Is this version OK?[edit]

The present version has stood up for 12 hours or so. If Cmapm can live with this version, I can too, and am willing to delete the totallydisputed and expert tags. --Bcrowell 23:55, 5 December 2005 (UTC) This version is horrible in wording, style and content f.e. "From a pro-Soviet point of view, the constitution was argued to have provided economic rights not included in constitutions in the western democracies." - id did 'provide' positive rights unheared of before quite objectively from whichever point you look. "Western historians and historians from former Soviet occupied countries have seen the constitution as a meaningless propaganda document." Firstly what does "meaningless propaganda document" imply? No Russian historian since destalinisation denies the constitution was never fully respected. I think you should recover the tags. 79.216.226.94 (talk) 04:15, 15 October 2008 (UTC)

The right to anti-religious propaganda[edit]

It's one of the rights granted by the constitution. I wonder if such a right was granted by any non-communist constitutions; or are recommended by any international treaties and such?-- Piotr Konieczny aka Prokonsul Piotrus | talk 18:22, 27 November 2007 (UTC)

Stalin and the New Constitution of the Socialist State[edit]

Stalin’s great moment when he first appeared as leader of the whole Soviet people was when, as Chairman of the Constitutional Commission, he presented the new Constitution of the Socialist State. A commission of thirty-one of the country’s ablest historians, economists, and political scientists had been instructed to create “the world’s most democratic constitution” with the most accurate machinery yet devised for obtaining “the will of the people.” They spent a year and a half in detailed study of every past constitution in the world, not only of governments but of trade unions and voluntary societies. The draft that they prepared was then discussed by the Soviet people for several months in more than half a million meetings attended by 36,500,000 people. The number of suggested amendments that reached the Constitutional Commission from the popular discussions was 154,000. Stalin himself is known to have read tens of thousands of the people’s letters.
Two thousand people sat in the great white hall of the Kremlin Palace when Stalin made his report to the Congress of Soviets. Below me, where I sat in the journalists’ box, was the main floor filled with the Congress deputies; around me in the loges sat the foreign diplomatic corps; behind me, in a deep gallery, were citizen-visitors. Outside the hall tens of millions of people listened over the radio, from the southern cotton fields of Central Asia to the scientific stations on the Arctic coast. It was a high point of Soviet history. But Stalin’s words were direct and simple and as informal as if he sat at a fireside talking with a few friends. He explained the significance of the Constitution, took up the suggested amendments, referred a large number of them to various lawmaking bodies and himself discussed the most important. He made it plain that everyone of those 154,000 suggestions had been classified somewhere and would influence something.
Among the dozen or more amendments which Stalin personally discussed, he approved of those that facilitated democratic expression and disapproved of those that limited democracy. Some people felt, for instance, that the different constituent republics should not be granted the right to secede from the Soviet Union; Stalin said that, while they probably would not want to secede, their right to do so should be constitutionally guaranteed as an assertion of democracy. A fairly large number of people wanted to refuse political rights to the priests lest they influence politics unduly. “The time has come to introduce universal suffrage without limitations,” said Stalin, arguing that the Soviet people were now mature enough to know their own minds.” – Anna Louise Strong, Stalin, The Soviets Expected It, The Dial Press, New York, 1941, pp. 46-64
pjoef (talkcontribs) 14:38, 9 June 2009 (UTC)

Disgusting article[edit]

Millions died under the rules of this Constitution. Xx236 (talk) 08:47, 13 February 2008 (UTC)

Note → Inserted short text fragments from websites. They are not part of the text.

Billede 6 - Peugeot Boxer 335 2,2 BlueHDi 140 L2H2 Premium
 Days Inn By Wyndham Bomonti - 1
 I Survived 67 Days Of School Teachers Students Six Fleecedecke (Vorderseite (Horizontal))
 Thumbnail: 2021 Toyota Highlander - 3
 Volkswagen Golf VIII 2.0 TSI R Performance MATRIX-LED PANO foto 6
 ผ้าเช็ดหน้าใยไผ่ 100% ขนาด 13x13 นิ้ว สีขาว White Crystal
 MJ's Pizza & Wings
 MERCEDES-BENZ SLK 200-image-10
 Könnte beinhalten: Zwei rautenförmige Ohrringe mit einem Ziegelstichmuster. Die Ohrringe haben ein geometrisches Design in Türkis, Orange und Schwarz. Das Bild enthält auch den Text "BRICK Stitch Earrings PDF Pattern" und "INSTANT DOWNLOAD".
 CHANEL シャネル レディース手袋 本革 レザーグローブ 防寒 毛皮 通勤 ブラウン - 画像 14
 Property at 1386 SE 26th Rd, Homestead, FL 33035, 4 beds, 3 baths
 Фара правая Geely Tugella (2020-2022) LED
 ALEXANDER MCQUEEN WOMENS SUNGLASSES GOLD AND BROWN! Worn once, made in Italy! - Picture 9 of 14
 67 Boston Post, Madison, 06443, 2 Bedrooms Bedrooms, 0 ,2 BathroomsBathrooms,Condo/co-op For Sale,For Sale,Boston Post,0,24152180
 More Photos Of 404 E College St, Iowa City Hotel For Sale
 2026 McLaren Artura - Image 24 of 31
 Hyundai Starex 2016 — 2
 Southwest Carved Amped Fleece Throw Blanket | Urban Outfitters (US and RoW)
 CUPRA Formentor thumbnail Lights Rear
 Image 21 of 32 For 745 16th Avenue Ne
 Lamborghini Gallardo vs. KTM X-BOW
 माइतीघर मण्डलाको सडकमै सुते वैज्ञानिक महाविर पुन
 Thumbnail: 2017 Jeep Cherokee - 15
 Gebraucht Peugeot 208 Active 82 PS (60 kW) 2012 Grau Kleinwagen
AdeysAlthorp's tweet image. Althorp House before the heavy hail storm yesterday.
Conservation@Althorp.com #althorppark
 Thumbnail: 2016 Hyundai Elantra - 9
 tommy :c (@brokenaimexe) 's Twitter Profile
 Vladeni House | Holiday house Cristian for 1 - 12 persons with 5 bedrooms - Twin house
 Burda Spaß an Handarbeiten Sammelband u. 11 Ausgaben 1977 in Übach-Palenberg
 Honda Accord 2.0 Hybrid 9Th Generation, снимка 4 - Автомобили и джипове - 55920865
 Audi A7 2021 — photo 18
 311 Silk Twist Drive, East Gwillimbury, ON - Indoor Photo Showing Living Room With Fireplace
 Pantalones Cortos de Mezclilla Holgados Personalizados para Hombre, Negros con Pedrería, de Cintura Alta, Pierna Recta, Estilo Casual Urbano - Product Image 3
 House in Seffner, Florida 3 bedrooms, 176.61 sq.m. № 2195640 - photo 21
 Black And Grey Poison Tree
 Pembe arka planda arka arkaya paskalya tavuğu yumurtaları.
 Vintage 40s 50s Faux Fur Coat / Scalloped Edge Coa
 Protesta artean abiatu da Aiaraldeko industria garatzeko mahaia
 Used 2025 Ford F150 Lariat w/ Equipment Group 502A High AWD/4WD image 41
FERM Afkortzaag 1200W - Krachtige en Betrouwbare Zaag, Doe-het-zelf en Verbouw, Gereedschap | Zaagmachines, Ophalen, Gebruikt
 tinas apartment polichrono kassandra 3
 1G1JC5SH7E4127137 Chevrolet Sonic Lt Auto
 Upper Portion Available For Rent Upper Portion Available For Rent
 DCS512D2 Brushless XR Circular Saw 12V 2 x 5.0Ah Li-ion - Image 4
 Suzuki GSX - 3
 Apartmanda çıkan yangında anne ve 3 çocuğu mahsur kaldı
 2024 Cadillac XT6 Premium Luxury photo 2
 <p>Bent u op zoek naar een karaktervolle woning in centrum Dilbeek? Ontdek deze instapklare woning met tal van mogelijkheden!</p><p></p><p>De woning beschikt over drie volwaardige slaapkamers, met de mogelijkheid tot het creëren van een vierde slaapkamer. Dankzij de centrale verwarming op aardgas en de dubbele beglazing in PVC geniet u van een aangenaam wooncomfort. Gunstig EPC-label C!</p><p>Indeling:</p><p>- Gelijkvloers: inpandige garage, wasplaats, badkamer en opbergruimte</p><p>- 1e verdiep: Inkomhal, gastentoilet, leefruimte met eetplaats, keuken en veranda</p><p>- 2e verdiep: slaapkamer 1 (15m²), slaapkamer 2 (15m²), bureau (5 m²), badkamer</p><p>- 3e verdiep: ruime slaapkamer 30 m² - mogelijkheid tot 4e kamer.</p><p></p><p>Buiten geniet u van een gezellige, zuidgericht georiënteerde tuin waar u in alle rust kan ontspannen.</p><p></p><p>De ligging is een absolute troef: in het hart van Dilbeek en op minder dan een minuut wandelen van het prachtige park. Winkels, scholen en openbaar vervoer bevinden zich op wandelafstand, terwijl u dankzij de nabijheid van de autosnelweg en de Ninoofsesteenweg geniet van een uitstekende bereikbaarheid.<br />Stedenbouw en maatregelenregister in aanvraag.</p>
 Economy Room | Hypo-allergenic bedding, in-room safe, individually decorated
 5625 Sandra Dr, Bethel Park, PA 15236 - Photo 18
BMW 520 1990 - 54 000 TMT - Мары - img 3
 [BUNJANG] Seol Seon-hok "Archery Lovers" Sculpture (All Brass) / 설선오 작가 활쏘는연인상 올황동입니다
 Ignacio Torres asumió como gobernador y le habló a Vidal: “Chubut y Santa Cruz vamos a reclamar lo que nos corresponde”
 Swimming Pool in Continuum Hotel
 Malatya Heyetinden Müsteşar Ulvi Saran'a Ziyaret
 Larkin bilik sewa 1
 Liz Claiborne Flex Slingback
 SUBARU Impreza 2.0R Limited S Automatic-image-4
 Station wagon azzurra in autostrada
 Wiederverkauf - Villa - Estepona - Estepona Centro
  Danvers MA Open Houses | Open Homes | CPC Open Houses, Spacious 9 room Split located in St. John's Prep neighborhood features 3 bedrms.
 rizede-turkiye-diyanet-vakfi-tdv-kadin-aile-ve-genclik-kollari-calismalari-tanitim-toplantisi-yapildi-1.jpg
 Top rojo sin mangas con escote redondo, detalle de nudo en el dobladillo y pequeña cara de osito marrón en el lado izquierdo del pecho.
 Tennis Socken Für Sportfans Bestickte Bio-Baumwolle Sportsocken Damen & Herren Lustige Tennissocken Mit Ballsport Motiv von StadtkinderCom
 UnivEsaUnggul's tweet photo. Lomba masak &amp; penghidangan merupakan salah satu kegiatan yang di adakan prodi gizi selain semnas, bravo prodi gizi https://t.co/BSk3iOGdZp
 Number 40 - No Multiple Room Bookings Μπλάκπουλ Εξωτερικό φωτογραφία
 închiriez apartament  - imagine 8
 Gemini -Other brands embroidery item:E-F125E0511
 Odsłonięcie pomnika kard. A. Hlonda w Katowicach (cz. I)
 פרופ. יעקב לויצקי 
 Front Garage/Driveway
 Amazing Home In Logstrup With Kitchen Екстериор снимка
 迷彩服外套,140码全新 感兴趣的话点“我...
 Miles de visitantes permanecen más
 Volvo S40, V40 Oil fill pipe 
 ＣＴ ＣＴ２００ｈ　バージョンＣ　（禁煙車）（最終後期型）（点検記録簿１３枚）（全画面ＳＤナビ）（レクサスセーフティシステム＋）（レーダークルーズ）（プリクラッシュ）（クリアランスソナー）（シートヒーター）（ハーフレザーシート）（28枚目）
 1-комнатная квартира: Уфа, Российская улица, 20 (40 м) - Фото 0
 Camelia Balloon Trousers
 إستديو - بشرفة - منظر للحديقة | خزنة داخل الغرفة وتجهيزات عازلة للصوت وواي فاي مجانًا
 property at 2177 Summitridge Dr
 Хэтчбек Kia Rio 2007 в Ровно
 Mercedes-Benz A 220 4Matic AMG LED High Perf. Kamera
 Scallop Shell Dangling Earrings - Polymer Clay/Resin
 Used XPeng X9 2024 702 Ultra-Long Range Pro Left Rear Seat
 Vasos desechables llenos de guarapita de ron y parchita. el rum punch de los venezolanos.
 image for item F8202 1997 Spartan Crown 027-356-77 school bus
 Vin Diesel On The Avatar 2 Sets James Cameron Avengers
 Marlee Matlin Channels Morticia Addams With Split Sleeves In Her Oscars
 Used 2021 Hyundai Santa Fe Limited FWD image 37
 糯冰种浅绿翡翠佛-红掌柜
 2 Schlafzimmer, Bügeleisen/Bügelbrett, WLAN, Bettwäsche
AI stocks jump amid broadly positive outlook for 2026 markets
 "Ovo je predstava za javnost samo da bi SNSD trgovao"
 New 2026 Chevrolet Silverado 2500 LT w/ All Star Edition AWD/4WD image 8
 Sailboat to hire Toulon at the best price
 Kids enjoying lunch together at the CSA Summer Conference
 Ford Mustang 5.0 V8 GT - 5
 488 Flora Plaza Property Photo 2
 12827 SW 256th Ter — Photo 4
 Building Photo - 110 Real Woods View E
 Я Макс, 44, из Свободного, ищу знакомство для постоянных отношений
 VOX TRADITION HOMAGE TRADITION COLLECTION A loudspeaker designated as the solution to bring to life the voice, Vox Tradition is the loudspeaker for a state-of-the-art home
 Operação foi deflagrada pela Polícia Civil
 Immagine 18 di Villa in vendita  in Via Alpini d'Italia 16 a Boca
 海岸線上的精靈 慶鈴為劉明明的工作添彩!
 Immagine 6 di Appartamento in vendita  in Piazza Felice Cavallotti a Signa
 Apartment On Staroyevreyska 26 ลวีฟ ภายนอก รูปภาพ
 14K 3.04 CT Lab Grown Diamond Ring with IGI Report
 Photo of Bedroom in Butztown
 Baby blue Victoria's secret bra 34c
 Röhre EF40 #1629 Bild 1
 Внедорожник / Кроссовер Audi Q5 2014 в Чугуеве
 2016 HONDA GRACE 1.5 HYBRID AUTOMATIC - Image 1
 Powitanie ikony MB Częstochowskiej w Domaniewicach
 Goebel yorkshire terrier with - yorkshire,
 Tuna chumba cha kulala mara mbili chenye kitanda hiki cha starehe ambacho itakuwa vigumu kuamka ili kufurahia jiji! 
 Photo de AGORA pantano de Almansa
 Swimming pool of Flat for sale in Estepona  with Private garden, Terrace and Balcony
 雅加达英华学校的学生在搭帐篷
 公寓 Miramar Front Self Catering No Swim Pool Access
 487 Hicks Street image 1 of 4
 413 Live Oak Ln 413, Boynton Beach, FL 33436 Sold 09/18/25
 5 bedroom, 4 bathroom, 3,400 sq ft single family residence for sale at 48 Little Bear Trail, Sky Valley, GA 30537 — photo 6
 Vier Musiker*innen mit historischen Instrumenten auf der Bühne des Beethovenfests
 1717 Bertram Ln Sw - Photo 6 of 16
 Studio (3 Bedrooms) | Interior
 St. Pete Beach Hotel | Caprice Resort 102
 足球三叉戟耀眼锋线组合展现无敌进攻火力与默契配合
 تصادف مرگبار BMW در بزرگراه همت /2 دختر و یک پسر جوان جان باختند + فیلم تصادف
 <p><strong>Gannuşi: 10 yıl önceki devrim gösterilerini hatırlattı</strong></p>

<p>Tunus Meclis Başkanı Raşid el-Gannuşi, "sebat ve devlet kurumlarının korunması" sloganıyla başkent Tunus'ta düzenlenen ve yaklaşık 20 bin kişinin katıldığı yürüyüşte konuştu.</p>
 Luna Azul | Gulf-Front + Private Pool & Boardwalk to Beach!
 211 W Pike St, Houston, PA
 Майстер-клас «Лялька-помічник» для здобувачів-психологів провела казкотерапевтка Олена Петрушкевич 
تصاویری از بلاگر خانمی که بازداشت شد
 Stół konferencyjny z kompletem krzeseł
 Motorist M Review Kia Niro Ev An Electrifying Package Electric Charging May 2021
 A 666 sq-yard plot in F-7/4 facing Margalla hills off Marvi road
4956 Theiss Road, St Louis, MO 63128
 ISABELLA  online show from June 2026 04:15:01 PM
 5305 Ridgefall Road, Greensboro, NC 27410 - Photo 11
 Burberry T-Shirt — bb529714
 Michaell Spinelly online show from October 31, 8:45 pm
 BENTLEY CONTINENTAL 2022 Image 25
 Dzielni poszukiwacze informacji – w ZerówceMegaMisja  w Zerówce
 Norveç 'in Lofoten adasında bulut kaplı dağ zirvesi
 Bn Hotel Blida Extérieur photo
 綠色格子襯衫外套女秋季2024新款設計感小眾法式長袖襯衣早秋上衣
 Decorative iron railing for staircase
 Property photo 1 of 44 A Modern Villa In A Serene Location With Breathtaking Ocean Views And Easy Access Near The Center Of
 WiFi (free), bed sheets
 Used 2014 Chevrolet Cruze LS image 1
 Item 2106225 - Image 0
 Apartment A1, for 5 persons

Every 10 years around 100 million people die of starvation because of capitalistic societies, and every three seconds a child dies of hunger in the world. THAT IS DISGUSTING (and intolerable). The rest is "western" propaganda. –pjoef (talkcontribs) 14:49, 9 June 2009 (UTC)
Oh, please. Another apologist for Soviet genocide (I don't consider "democide" a real word) defending it by implying it's more benign than what happens in the world today. BTW, you misspelled disgusting. PetersV       TALK 15:29, 9 June 2009 (UTC)
I figured "disguting" means disembowelment. ΔιγουρενΕμπρος! 18:48, 9 June 2009 (UTC)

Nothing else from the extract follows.